Altine clarified that what Animal Place believed to be a formal, board-approved policy was merely former SPCA CEO Rick Johnson’s way of diverting attention from the issue. “Official events” would be those open to the public, excluding volunteer appreciation and staff-only events. However, in reality, all official events are sponsored, and therefore, nothing actually would have been affected by this rule.
Johnson was unavailable for comment.
Sturla was unable to say when this supposed policy was enacted, only that she learned it was not being honored in September after pepperoni pizza was brought in for the staff and chicken was an option at a volunteer appreciation event, neither of which were official SPCA events.

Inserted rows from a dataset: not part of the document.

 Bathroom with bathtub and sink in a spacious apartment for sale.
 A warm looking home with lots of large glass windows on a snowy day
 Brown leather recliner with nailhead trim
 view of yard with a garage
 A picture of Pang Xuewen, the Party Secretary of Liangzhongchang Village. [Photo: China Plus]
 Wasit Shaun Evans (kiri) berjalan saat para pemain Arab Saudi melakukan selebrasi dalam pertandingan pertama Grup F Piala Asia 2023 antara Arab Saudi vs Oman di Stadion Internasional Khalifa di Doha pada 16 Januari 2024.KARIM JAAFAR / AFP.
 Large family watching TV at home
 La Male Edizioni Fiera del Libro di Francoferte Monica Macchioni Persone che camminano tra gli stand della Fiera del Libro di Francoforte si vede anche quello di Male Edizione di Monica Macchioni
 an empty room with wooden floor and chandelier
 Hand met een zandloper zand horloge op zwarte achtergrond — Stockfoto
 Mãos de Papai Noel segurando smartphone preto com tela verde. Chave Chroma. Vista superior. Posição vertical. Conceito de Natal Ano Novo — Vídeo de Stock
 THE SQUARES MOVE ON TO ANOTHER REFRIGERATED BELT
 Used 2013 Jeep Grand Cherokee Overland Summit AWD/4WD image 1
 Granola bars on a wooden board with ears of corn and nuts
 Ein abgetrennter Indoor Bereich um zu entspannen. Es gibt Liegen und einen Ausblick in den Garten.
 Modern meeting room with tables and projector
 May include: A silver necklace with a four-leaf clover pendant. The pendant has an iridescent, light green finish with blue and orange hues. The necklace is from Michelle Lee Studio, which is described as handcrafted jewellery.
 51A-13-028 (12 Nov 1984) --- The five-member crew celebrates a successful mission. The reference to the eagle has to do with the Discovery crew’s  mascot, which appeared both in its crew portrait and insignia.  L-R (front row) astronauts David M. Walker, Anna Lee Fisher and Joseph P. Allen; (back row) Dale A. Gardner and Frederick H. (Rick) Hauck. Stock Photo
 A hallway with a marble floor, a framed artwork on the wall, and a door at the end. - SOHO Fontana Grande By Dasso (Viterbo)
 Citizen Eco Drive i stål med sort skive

Altine confirmed that both food selections were made available, along with the same vegetarian options that his predecessor had served. The reaction from SPCA staff and volunteers was overwhelmingly positive, according to Altine.
Yet even after Altine explained to Sturla that there had never been an official policy, she continues to maintain that a formal vegan meal policy was put in place. The Animal Place website still pushes a petition that criticizes Altine. “My biggest concern is that when one nonprofit attacks another, everybody loses,” Altine said.
Sturla insisted that this was not her goal.
“I encourage Sacramento residents to support the SPCA,” she said. “At the same time I would encourage them to respectfully ask the SPCA to please adopt a vegan menu policy or to at least go back to what they had.”
Sturla insists that eating meat at SPCA events sends mixed messages and asks the SPCA to move toward an “ethically constant mission.” Animal Place also conducts outreach and education on animal farming and veganism, according to its mission statement.
While the general consensus of the public is that this is less of an issue that it is being made out to be, there are some, like Valerie Duran, who agree with Sturla. “It’s hard to please everyone,” said Duran, a longtime volunteer at Sacramento County Animal Care. “I say animals should be the priority at any animal care facility, even over volunteers.”
Interactions between members of the SPCA and Animal Place have been cordial, but Altine expressed confusion why this continues to be an issue when the two are already moving forward and collaborating on other projects.
“Animal Place does a lot of phenomenal work,” Altine said. “Their mission is important, but it’s not our mission. And we don’t all have to have the same mission.”